Traveling with Pets - What you need to know
Scheduling a trip can be a complicated process: deciding whether to drive or fly, making hotel arrangements and even figuring out how you'll pay for it all. With all of the required planning, something that can get overlooked is what to do with your pet while on vacation.
It’s one of the hardest decisions to make when contemplating a trip: should you take them or should you board them? The first thing to consider is whether your pet's temperament is right to go on the trip. Do they travel well in a car? If not, it may be best to leave them with friends/family or board them to minimize the stress on both you and them. Here are some suggestions to help with your decision.
Traveling by car
When traveling by car there are a number of steps you can take to make sure it goes smoothly. If they don't often ride in your car, take them on a series of short, fun trips to get them acclimated to traveling. It's also a good way to check to see if they have problems with motion sickness. If they do, check with your veterinarian for possible alternate traveling solutions. To help prevent carsickness, feed your pet a light meal about four to six hours before departing, and do not give them any food or water in a moving vehicle.

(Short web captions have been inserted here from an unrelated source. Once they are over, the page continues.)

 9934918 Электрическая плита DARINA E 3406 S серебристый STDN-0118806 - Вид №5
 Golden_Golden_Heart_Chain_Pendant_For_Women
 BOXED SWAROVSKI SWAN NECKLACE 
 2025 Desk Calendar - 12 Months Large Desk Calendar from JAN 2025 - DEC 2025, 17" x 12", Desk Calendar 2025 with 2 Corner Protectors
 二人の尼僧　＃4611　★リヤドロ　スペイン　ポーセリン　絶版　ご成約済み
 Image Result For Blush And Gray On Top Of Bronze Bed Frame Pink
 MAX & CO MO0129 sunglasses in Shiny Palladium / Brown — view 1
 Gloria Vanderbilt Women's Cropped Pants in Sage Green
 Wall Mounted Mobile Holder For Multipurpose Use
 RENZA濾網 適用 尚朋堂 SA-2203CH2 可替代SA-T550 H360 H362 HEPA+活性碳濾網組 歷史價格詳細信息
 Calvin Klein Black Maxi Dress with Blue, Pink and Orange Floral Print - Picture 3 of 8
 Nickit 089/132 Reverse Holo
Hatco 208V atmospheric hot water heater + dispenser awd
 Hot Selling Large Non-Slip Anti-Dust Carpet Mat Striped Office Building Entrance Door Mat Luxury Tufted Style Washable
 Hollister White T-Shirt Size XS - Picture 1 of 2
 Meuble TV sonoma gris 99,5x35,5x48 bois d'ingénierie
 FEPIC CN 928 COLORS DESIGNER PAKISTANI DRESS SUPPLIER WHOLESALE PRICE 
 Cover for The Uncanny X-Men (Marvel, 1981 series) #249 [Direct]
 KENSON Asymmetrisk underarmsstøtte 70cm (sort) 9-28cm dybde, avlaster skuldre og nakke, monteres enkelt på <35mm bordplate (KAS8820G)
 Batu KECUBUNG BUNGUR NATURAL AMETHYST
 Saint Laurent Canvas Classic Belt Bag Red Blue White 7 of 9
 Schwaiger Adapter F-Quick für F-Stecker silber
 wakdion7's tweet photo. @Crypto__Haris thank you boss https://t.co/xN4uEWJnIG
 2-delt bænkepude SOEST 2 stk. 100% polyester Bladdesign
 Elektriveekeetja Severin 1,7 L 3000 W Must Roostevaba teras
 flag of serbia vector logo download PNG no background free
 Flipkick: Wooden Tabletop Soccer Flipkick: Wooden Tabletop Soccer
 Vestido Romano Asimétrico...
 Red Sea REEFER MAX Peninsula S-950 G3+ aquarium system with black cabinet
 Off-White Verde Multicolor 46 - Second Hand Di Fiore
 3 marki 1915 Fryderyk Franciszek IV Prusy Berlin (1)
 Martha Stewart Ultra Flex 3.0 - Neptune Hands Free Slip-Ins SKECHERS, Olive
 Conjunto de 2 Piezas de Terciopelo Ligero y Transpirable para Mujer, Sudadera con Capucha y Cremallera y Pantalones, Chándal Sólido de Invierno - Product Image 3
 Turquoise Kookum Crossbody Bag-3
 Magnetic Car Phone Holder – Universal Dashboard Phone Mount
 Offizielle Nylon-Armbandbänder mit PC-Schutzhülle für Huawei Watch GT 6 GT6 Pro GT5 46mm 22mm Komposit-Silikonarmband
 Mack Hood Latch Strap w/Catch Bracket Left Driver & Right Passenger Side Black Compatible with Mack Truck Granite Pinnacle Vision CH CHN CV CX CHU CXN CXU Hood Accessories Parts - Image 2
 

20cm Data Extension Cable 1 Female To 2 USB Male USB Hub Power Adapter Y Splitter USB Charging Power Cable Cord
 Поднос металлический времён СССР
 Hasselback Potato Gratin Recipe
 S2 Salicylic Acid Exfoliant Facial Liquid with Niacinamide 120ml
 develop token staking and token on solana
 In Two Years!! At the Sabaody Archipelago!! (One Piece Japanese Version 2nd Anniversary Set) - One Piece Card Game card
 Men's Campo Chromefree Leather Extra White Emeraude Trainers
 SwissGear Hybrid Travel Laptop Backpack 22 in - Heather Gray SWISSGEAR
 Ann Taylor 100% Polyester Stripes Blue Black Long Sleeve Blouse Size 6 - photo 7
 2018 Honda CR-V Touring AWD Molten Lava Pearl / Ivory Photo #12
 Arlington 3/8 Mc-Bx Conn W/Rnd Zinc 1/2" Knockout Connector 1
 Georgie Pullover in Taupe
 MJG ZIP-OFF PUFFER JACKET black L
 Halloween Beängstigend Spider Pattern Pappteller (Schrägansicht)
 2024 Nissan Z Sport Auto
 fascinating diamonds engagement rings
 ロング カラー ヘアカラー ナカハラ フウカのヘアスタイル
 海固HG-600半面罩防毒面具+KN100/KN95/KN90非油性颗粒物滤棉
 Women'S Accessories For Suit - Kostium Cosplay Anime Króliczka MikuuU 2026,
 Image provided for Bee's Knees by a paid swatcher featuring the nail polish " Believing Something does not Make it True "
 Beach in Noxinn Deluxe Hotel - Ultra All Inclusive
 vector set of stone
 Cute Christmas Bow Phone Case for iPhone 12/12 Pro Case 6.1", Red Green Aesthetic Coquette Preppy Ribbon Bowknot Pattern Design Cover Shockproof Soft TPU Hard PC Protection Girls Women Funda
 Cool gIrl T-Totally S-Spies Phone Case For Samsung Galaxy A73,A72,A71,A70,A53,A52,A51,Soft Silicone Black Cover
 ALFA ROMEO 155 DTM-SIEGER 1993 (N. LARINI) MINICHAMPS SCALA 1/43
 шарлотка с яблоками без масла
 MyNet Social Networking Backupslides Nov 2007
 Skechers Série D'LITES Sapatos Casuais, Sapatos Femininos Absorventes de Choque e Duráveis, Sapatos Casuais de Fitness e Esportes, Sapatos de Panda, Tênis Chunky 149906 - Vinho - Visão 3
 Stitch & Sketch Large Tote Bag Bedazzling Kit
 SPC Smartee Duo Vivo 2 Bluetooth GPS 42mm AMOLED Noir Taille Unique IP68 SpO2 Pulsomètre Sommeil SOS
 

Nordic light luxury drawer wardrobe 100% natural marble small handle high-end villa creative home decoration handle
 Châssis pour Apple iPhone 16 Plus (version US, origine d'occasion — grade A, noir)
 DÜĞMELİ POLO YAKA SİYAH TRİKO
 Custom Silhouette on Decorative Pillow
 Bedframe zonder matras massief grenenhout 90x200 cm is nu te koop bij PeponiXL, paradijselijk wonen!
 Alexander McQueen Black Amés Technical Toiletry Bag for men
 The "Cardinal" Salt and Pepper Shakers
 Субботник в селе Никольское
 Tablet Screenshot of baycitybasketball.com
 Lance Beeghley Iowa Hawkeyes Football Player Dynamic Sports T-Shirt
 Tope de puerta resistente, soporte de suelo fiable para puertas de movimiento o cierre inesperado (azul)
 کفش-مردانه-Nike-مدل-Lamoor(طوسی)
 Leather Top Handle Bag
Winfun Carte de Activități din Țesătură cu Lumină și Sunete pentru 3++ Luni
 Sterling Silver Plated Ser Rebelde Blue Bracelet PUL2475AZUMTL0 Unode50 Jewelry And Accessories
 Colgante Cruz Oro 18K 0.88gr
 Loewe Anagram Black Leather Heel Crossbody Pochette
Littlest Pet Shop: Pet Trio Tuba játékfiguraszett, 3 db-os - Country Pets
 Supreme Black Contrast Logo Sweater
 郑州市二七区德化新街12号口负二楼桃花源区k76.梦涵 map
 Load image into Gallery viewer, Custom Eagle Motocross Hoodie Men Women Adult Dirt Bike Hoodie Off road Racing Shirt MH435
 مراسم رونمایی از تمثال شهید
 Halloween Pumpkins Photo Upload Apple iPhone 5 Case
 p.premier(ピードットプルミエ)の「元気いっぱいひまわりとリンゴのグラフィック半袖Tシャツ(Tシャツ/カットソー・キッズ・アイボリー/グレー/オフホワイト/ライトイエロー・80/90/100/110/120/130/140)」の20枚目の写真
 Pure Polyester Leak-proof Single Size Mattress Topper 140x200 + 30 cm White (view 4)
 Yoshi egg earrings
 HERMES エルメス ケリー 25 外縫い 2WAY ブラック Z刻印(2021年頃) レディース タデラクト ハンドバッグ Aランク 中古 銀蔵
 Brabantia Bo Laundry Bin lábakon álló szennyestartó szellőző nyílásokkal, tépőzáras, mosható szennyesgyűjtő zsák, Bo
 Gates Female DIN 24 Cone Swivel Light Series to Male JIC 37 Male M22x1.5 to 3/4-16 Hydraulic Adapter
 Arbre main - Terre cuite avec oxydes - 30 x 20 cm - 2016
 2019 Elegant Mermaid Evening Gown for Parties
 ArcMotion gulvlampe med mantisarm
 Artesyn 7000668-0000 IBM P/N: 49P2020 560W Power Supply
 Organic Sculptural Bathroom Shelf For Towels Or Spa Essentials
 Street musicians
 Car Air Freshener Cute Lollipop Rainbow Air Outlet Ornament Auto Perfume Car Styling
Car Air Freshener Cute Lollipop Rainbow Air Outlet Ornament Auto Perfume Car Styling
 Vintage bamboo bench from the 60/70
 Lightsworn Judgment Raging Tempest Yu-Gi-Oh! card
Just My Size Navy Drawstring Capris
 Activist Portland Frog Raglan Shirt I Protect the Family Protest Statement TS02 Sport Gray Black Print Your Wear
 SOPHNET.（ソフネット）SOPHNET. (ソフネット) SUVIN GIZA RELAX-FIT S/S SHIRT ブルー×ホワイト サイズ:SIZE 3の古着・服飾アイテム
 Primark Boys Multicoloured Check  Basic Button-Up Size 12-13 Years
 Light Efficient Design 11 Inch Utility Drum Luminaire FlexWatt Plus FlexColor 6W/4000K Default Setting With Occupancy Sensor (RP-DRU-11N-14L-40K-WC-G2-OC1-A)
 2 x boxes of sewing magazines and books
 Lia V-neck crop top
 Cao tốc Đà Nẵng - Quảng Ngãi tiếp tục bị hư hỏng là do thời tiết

Make frequent stops, usually every 2-3 hours or so, to allow your pet to go to the bathroom and to get some exercise. Always make sure your pet is on a leash before you open the door. When driving, make sure to properly restrain your pet in the car to prevent injuries to both pets and passengers. Cats should always be transported in carriers, for their safety as well as yours. Another tip is to bring along a familiar blanket or toy for the trip to help put them at ease.
A long-distance solution
When you have to travel with your pet for a long distance but do not want them confined to the cargo area of a plane or stuck in a car for long stretches of time, one solution is to call http://www.petairways.com/. Billing themselves as a "pet daycare in the sky," your pet travels in the main cabin of the plane and is transported carefully and lovingly.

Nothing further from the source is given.